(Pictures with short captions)

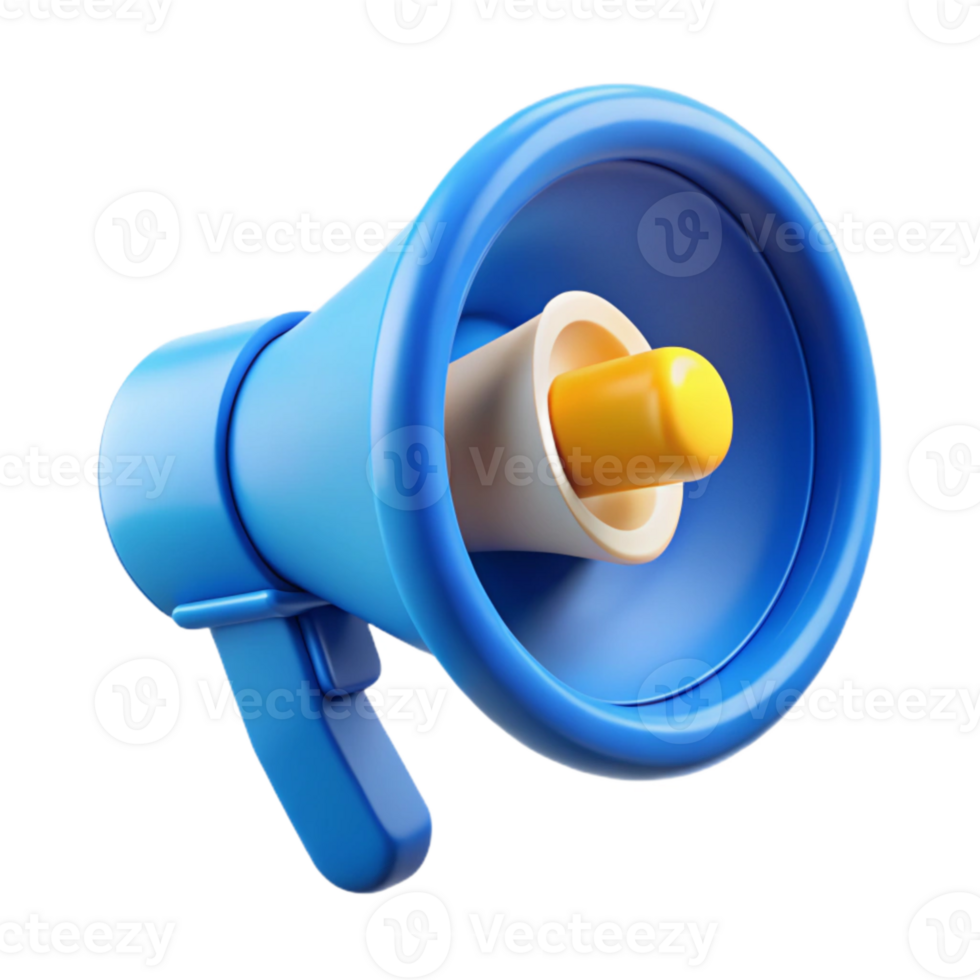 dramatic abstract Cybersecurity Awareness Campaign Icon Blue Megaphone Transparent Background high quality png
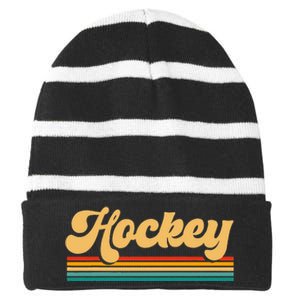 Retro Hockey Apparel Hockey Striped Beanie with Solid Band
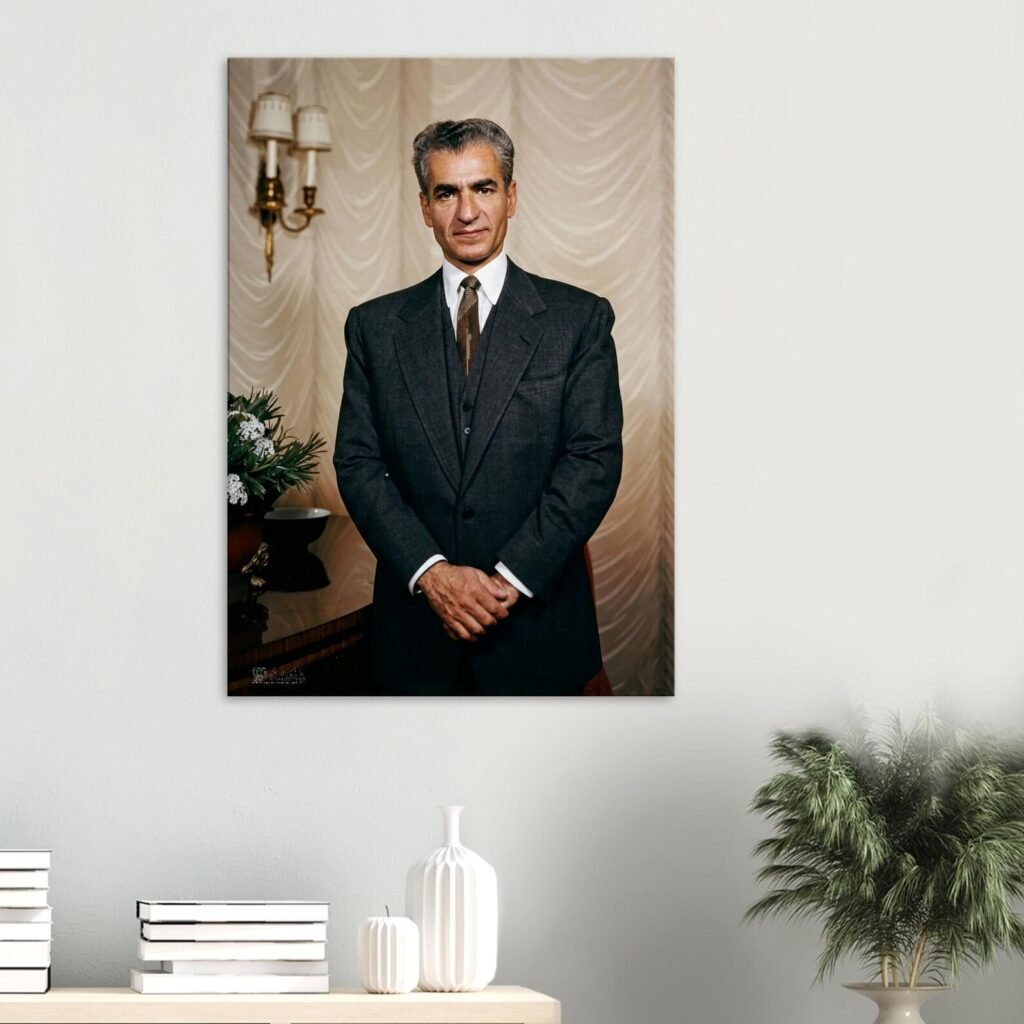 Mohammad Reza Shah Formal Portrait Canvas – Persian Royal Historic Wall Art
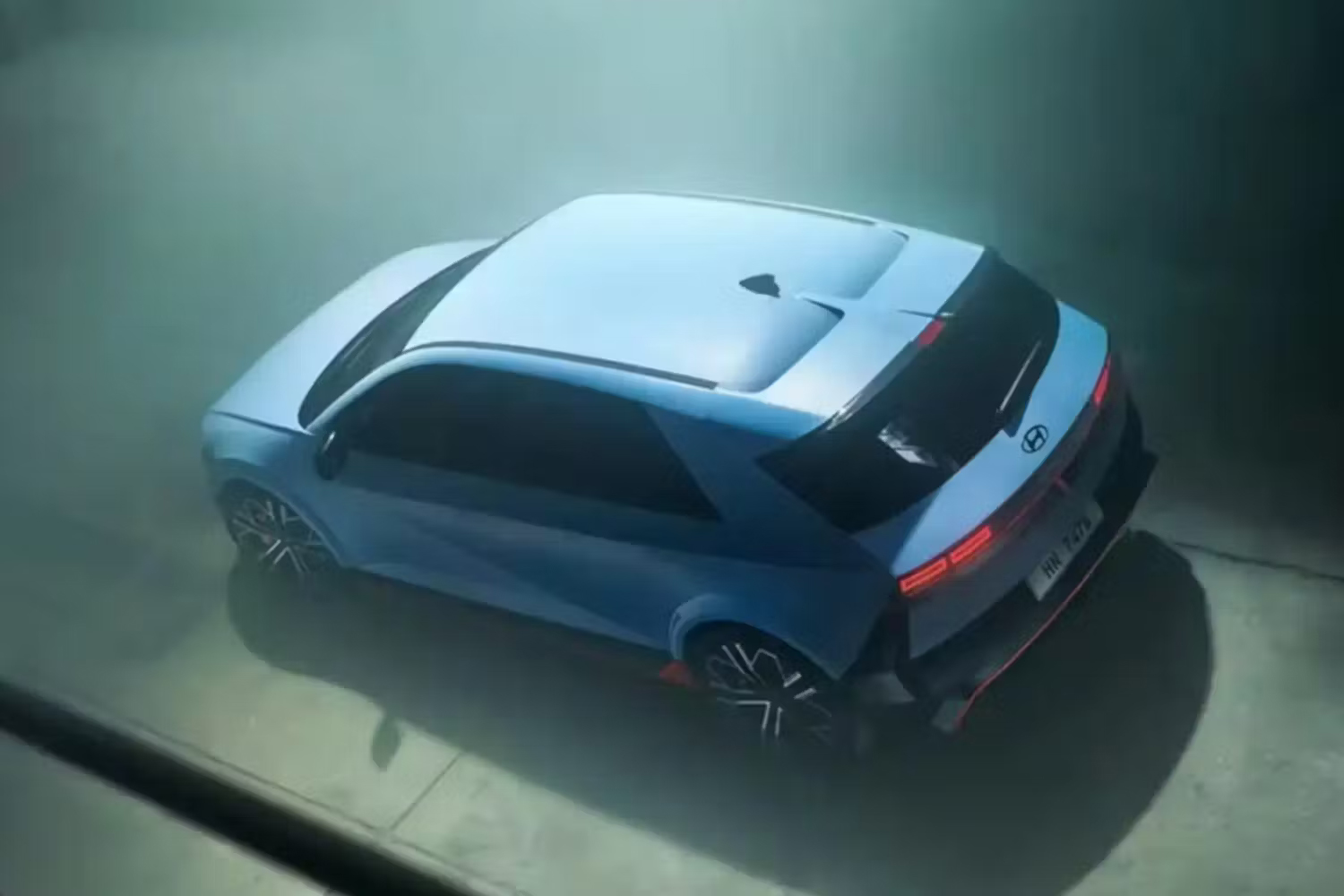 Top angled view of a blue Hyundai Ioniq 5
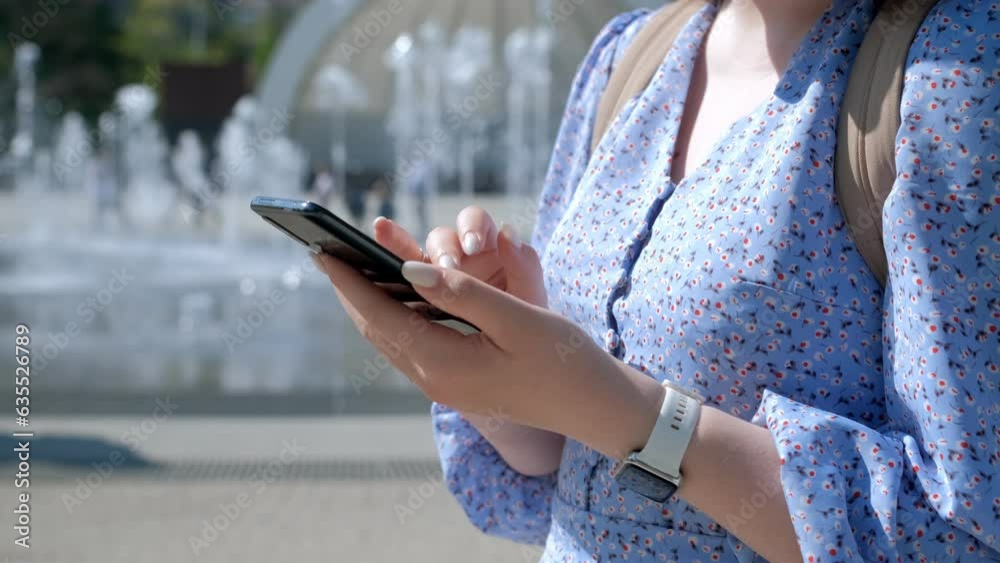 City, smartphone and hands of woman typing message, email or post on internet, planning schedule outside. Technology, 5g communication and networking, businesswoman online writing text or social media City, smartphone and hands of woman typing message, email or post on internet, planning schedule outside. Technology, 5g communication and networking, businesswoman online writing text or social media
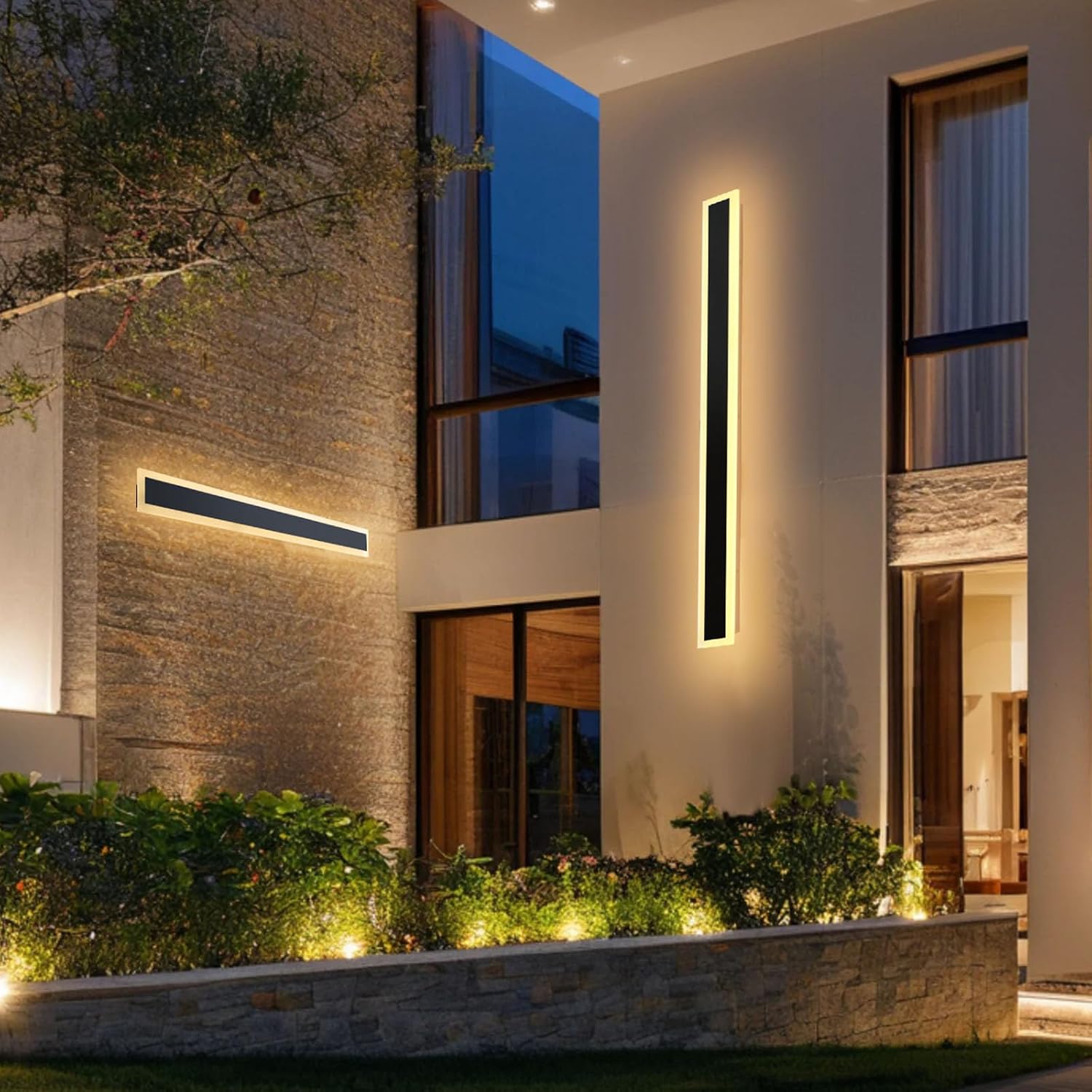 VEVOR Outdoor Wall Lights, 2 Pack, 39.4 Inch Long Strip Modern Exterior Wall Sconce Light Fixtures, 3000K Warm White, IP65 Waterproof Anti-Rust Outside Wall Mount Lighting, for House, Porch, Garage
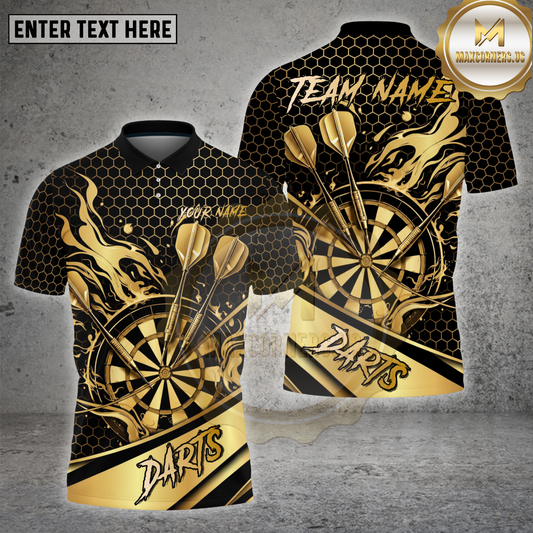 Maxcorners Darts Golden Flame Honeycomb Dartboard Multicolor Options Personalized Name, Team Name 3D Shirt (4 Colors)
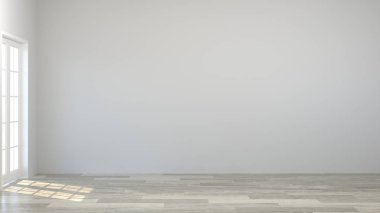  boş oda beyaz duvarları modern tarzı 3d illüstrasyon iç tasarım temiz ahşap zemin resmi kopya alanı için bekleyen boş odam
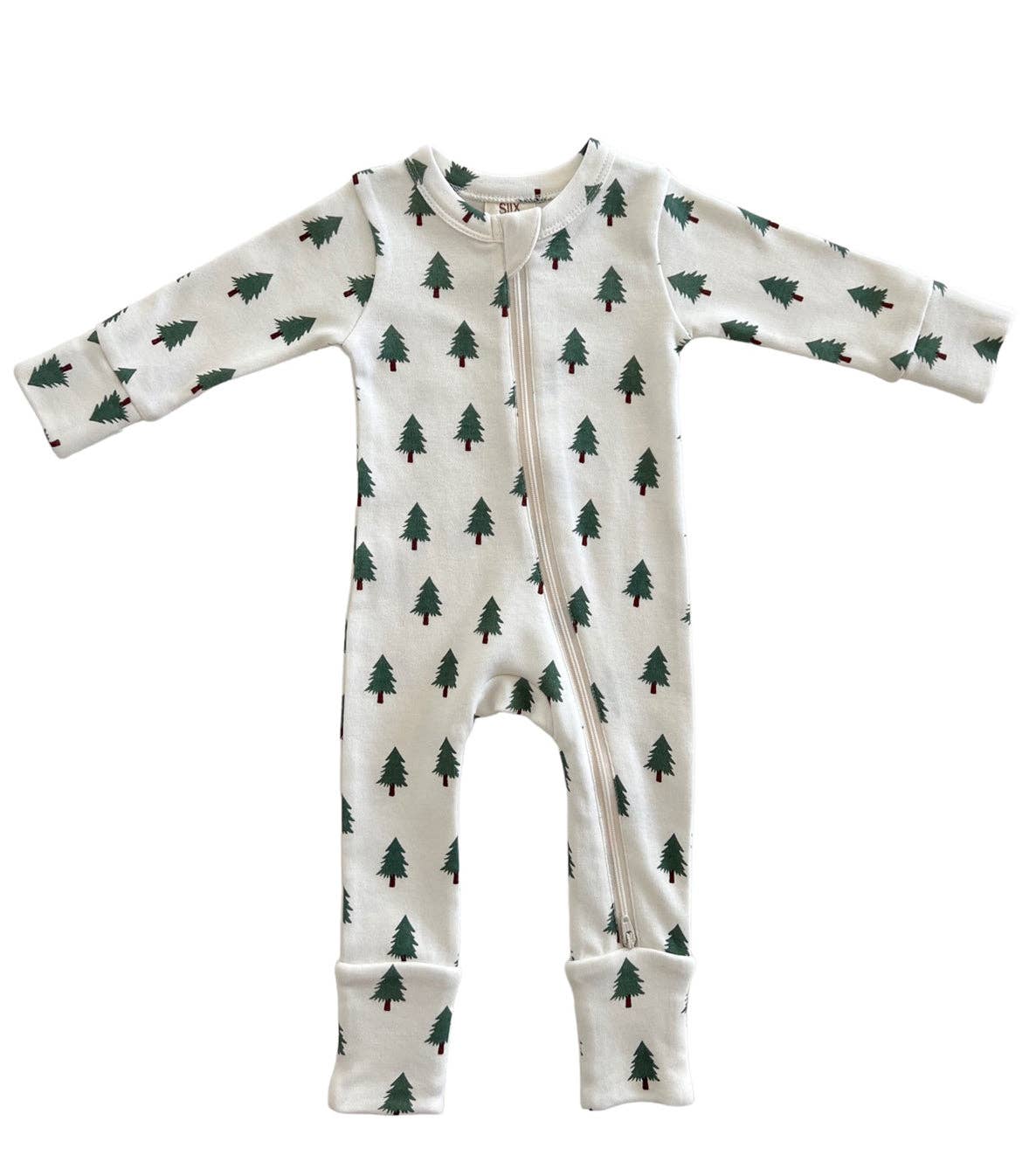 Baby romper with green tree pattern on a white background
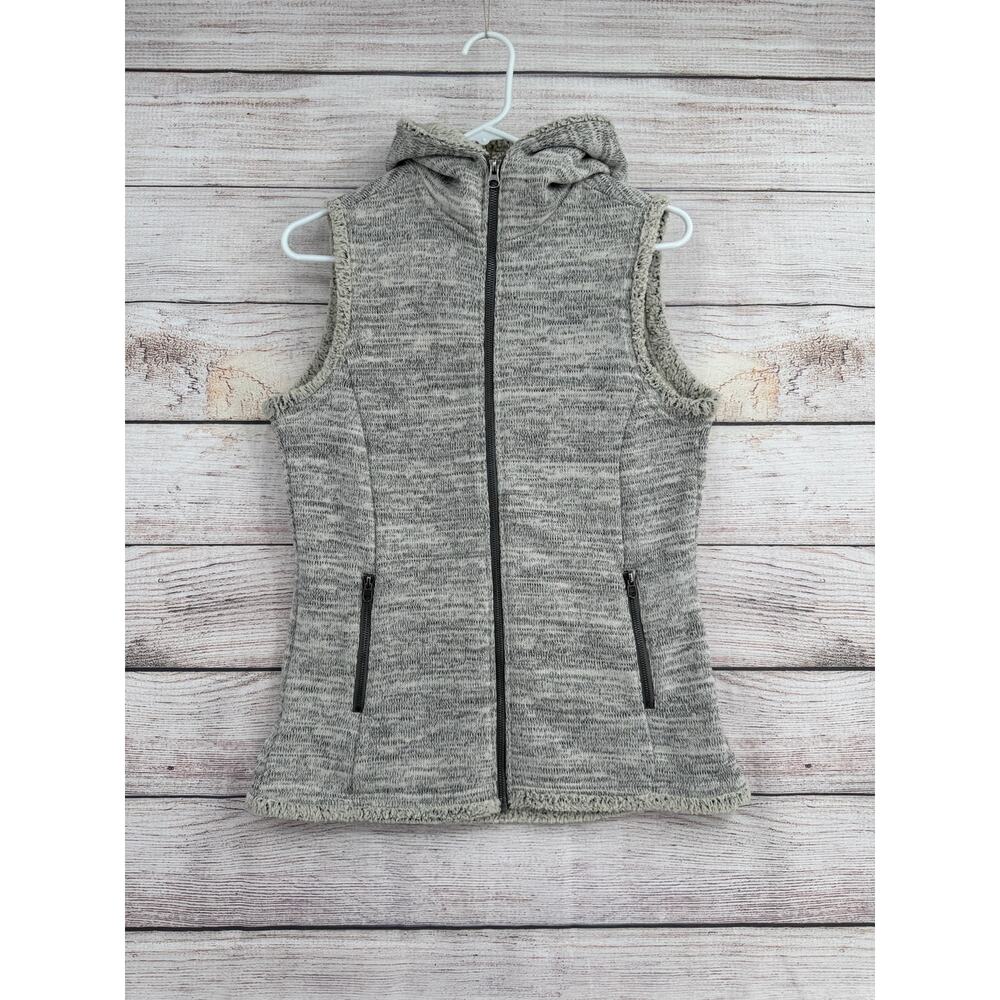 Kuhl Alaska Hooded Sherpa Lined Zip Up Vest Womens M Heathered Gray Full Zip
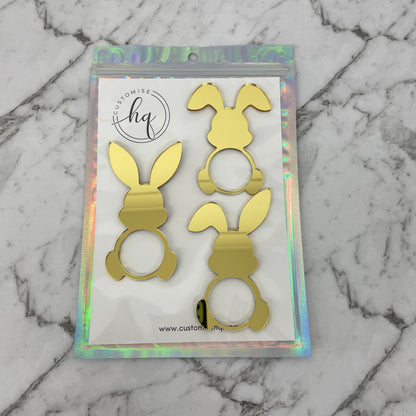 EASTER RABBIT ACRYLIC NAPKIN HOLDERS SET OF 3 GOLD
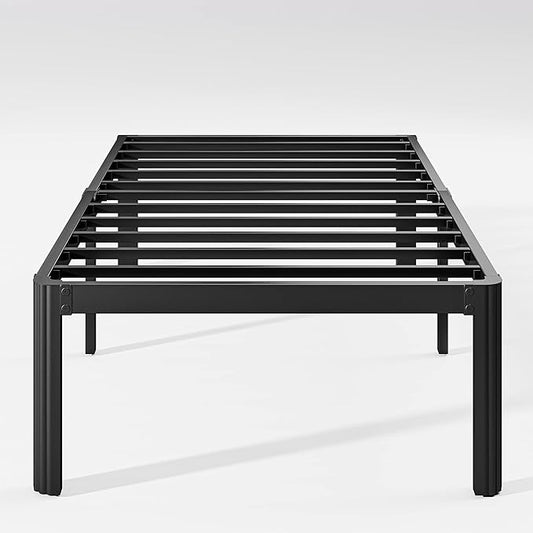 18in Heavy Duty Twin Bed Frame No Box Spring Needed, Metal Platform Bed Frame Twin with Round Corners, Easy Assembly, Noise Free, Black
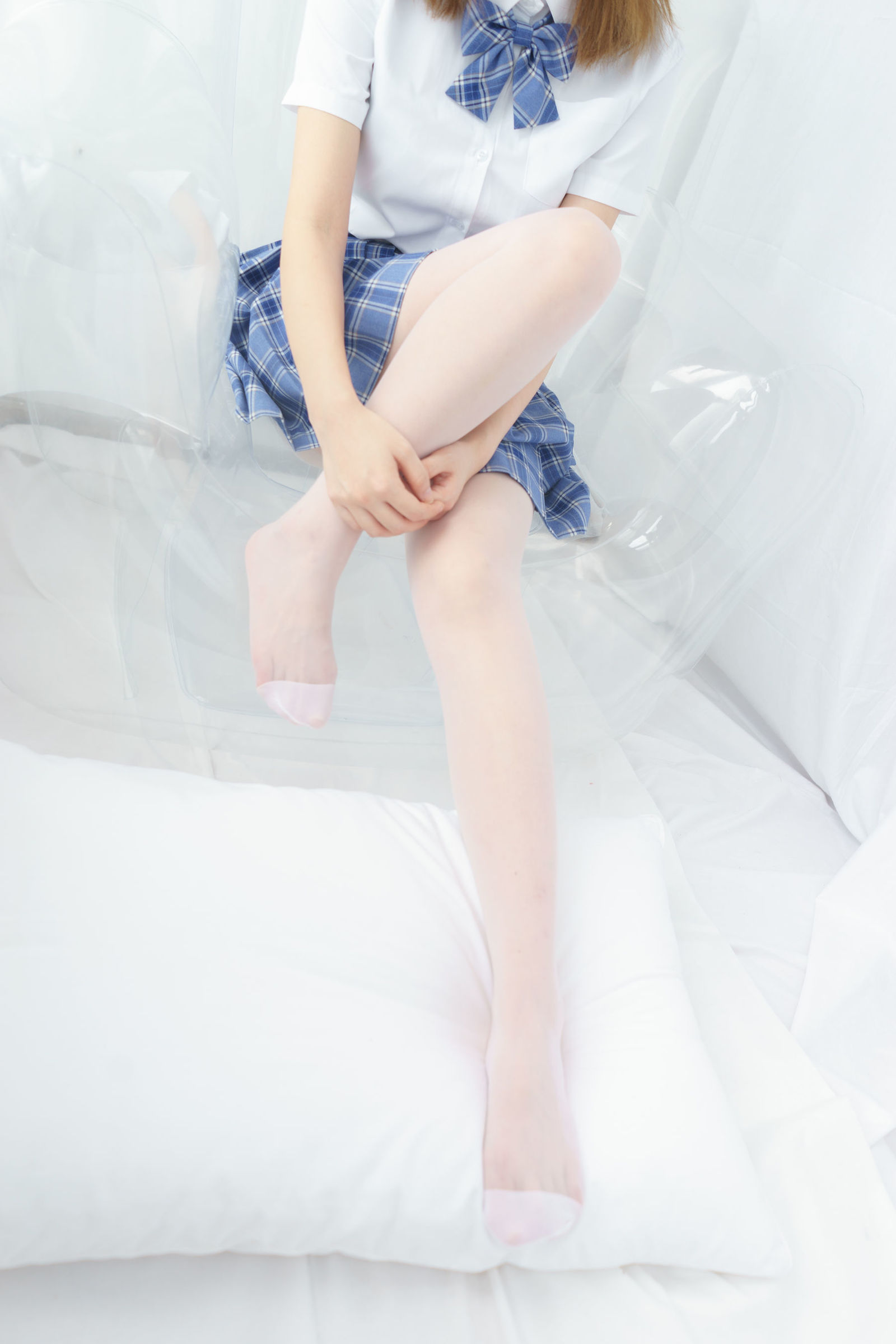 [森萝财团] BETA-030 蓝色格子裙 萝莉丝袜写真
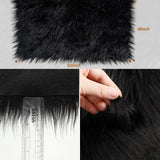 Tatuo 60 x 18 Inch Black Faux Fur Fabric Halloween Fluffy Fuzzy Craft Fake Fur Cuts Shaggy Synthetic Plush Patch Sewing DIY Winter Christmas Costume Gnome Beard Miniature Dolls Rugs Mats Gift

Required action: For this exercise, the lines from the one containing "Maxcorners Darts Golden" through the last line of the entries above are to be output exactly, both included, and pictures are skipped.

Solved problem:
 Maxcorners Darts Golden Flame Honeycomb Dartboard Multicolor Options Personalized Name, Team Name 3D Shirt (4 Colors)
  boş oda beyaz duvarları modern tarzı 3d illüstrasyon iç tasarım temiz ahşap zemin resmi kopya alanı için bekleyen boş odam
 Baby romper with green tree pattern on a white background
 Kuhl Alaska Hooded Sherpa Lined Zip Up Vest Womens M Heathered Gray Full Zip
 EASTER RABBIT ACRYLIC NAPKIN HOLDERS SET OF 3 GOLD
 18in Heavy Duty Twin Bed Frame No Box Spring Needed, Metal Platform Bed Frame Twin with Round Corners, Easy Assembly, Noise Free, Black
 [森萝财团] BETA-030 蓝色格子裙 萝莉丝袜写真
 Tatuo 60 x 18 Inch Black Faux Fur Fabric Halloween Fluffy Fuzzy Craft Fake Fur Cuts Shaggy Synthetic Plush Patch Sewing DIY Winter Christmas Costume Gnome Beard Miniature Dolls Rugs Mats Gift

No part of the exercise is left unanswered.